Captioned web image data
※

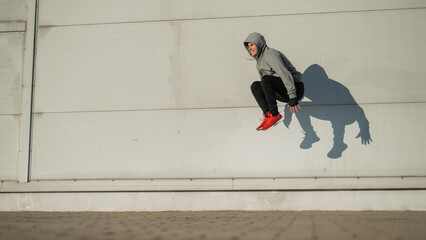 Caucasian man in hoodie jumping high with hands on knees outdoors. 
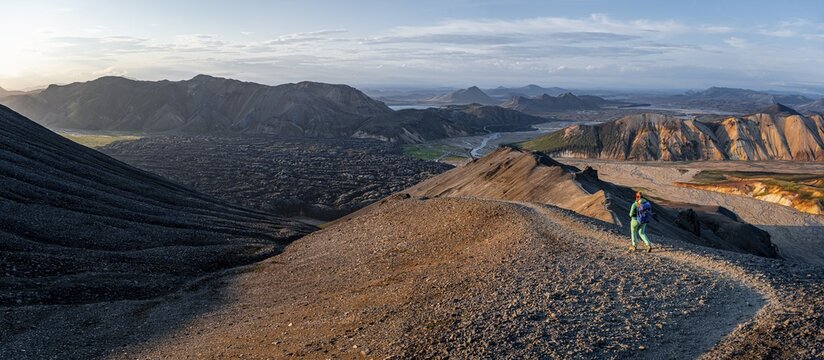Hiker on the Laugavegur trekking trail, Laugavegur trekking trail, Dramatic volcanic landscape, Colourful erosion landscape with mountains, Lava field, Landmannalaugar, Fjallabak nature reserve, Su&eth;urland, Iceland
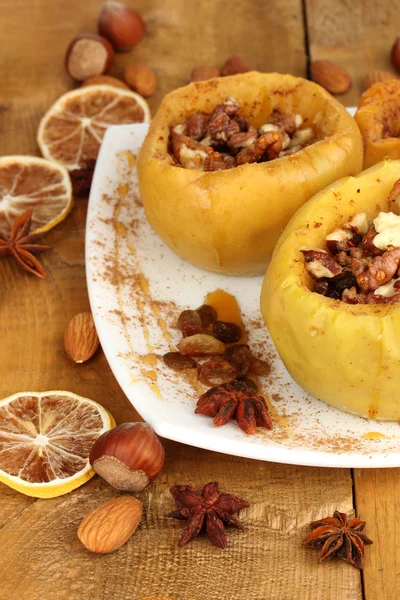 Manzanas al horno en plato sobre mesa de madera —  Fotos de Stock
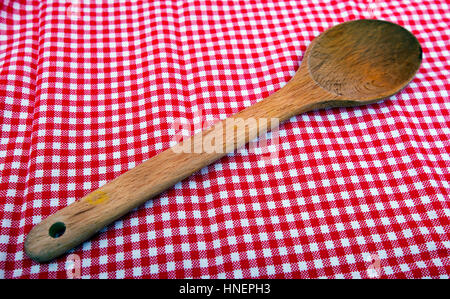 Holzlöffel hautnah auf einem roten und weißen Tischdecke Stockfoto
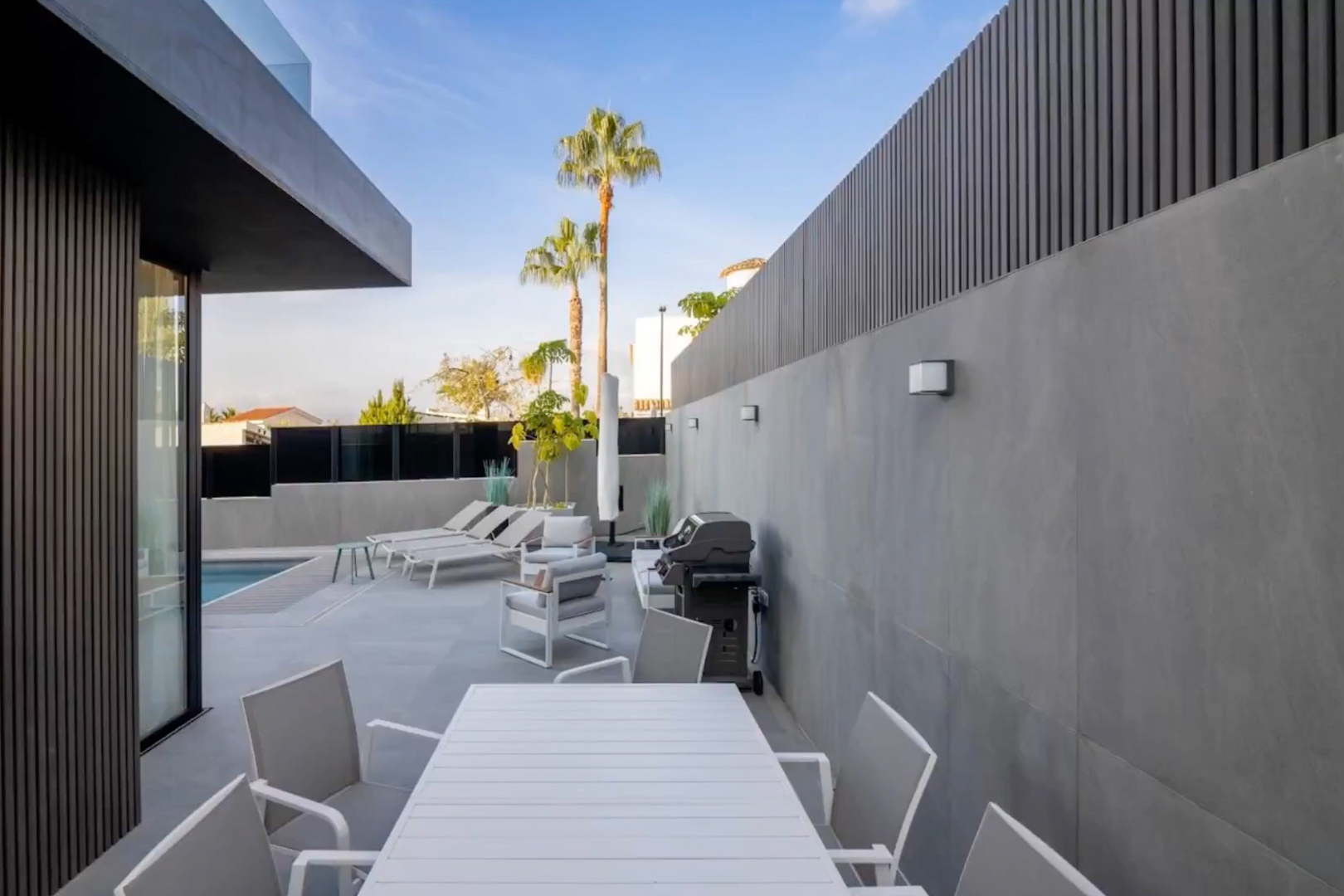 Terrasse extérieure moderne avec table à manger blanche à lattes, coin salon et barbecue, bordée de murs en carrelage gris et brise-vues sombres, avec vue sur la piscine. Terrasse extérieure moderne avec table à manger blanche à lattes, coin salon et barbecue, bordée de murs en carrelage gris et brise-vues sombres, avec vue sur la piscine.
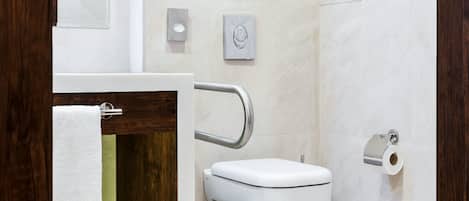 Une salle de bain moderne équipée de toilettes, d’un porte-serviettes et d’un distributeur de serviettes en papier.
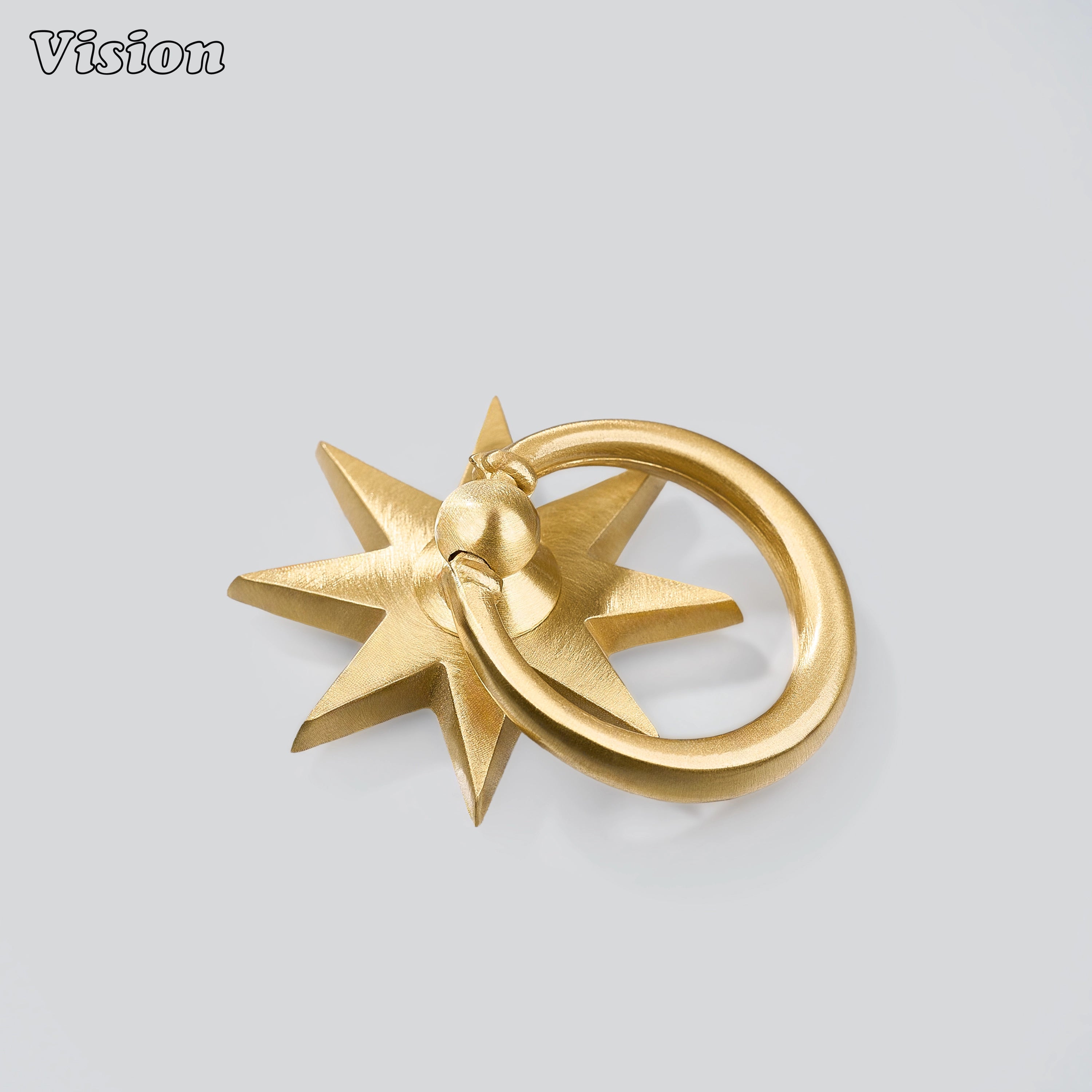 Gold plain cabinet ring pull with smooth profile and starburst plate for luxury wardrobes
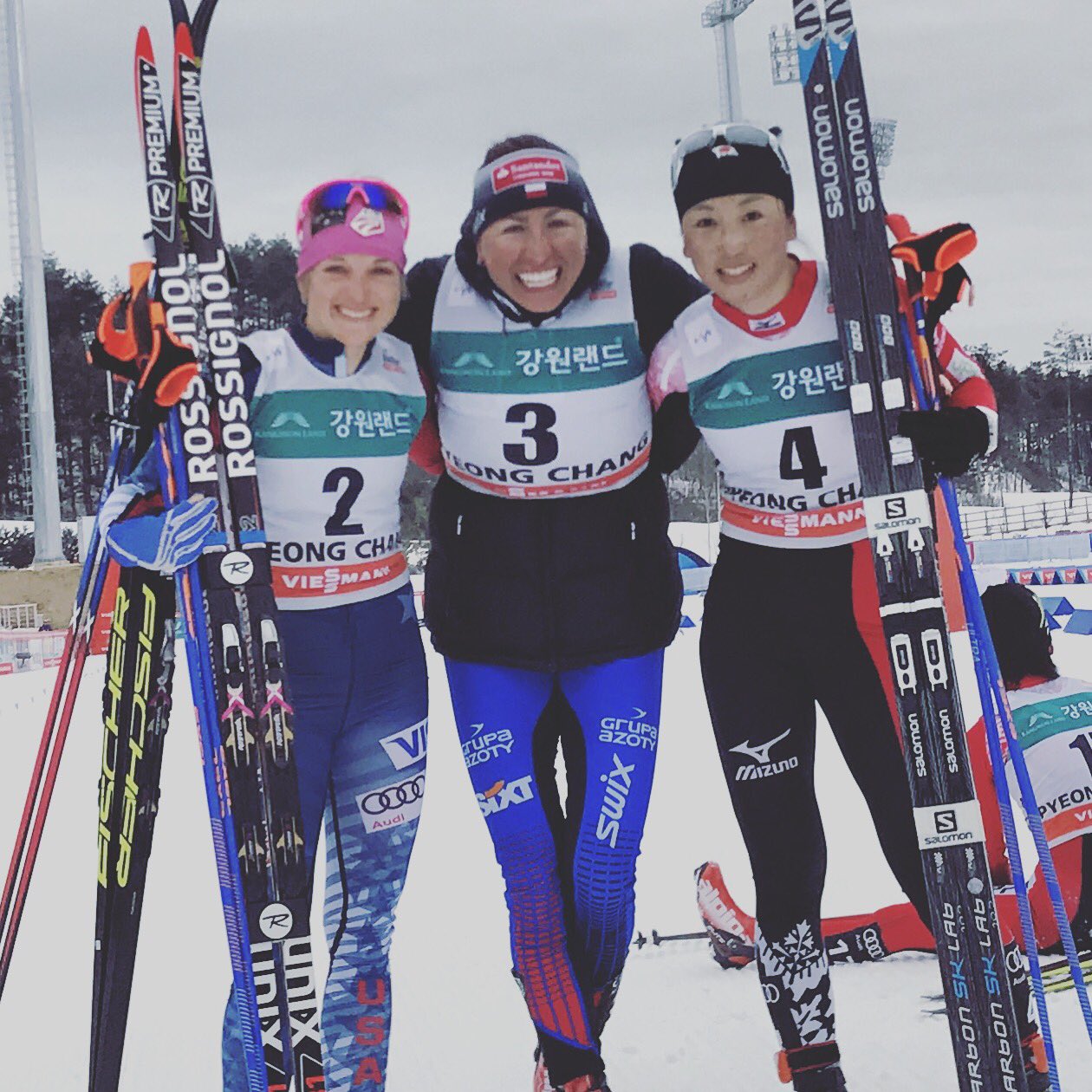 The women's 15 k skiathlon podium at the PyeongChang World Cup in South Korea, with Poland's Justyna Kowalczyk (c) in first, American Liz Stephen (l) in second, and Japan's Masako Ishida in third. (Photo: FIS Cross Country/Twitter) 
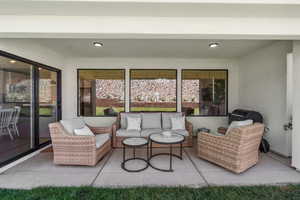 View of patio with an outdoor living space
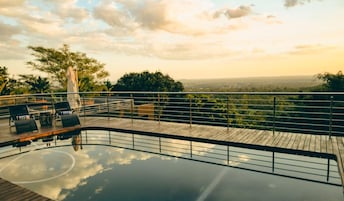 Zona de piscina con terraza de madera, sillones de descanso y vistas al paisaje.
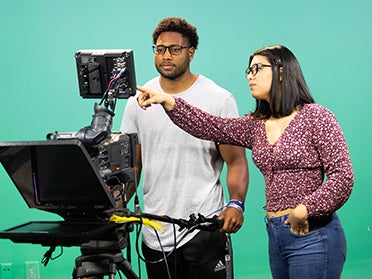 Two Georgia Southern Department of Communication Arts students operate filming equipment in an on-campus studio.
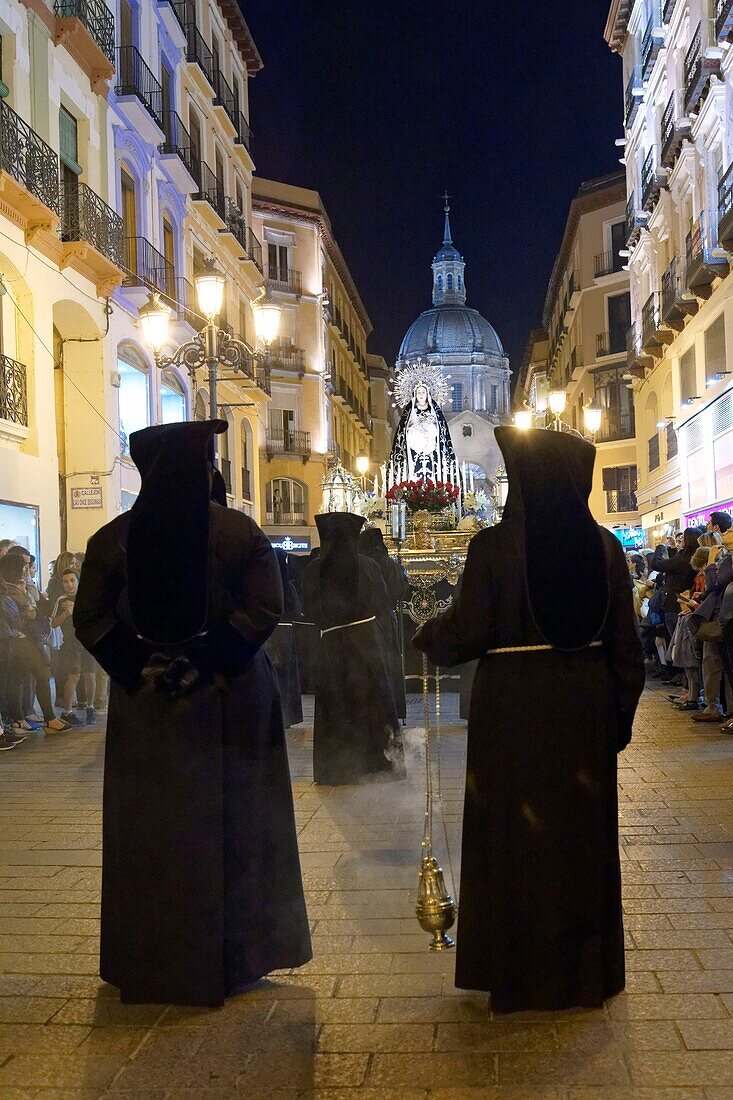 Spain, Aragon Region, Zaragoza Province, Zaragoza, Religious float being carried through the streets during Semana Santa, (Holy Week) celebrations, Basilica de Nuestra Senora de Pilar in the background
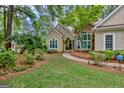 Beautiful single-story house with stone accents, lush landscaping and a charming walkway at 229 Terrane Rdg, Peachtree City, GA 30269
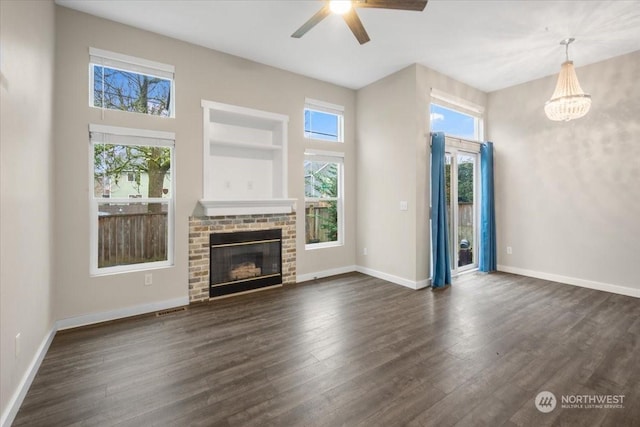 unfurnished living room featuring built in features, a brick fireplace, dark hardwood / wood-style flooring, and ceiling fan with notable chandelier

※

AIM OF THE TASK
Give back exactly, and only, the lines from the one holding "Beautiful single-story house" through the last line of the entries, with every picture omitted.

SOLUTION TO THIS PROBLEM
 Beautiful single-story house with stone accents, lush landscaping and a charming walkway at 229 Terrane Rdg, Peachtree City, GA 30269
 unfurnished living room featuring built in features, a brick fireplace, dark hardwood / wood-style flooring, and ceiling fan with notable chandelier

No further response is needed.